Hacker News new | ask | show | jobs
by spxneo 815 days ago
I think pairing this tool with something that recursively clicks through app would be insanely helpful. (the latter is what I have trouble finding)
3 comments

One slightly related thing you can do is to test the API with schemathesis[0]

[0] https://github.com/schemathesis/schemathesis

This seems pretty simple to me to do. Search the html of the main page for anchor tags. Add the links in those tags to an array as your exploration frontier. Once done parsing that html, load the next link. Add deduplication to avoid loops and just run a depth-first search. What am I missing?
For brochure / static content sites this is definitely the beginnings of a web crawler but it can be a lot trickier for web apps.
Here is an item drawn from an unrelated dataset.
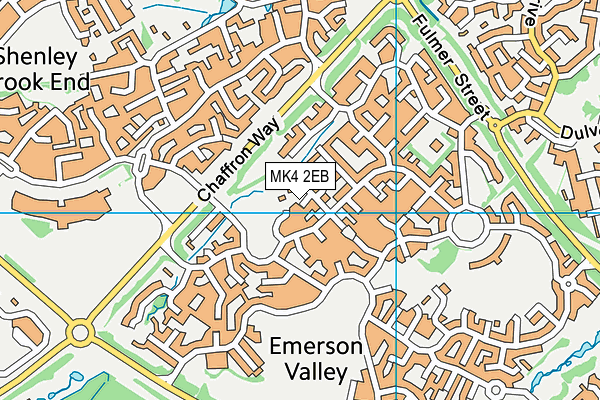 MK4 2EB map - OS VectorMap District (Ordnance Survey)
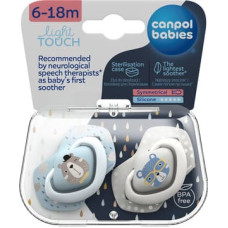 CANPOL BABIES BONJOUR PARIS Silicone symmetrical Soother 6-18m 2pcs 22/648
For example, clicking a link which loads some data, then clicking edit (which isn't even an anchor), typing in & clicking stuff, then clicking the save button (don't click the cancel button!) would not be an interaction that would get picked up with your suggestion. Detecting loops becomes much more ambiguous and backtracking to get all the permutations of interactions becomes a whole other problem to solve.

In many web apps there are going to be buttons and links that are not represented as <a>. You would realistically have to enumerate everything that has any kind of event handler attached since it could potentially trigger an API call.

You would also have to fill and submit forms with valid and invalid data. You would have to toggle checkboxes, change radio buttons, click buttons, (e.g. "Apply filters" after changing values in a product filter section), and generally go through many combinations of inputs to find all valid parameters and possible responses.

Open to ideas! We're thinking of adding agents/crawler suggestions to the github if there's a package that clicks around in that fashion
Forgive the naive question, but to pair with the GP, thoughts:

1. Wouldnt this also be helpful in understanding the exact nature of all traffic/calls against a particular page, user-workflow matriculating through your site from a UX perspective?

2. Could one make a proxy from this on a local home egress such that you could see the nature of outbound network traffic to site you visit (more importantly, traffic heading to 3rd-party trackers/cookies' APIs via your site visits?

3. Could it be used to nefariously map open API endpoints against a system one is (whiteHat) pen testing?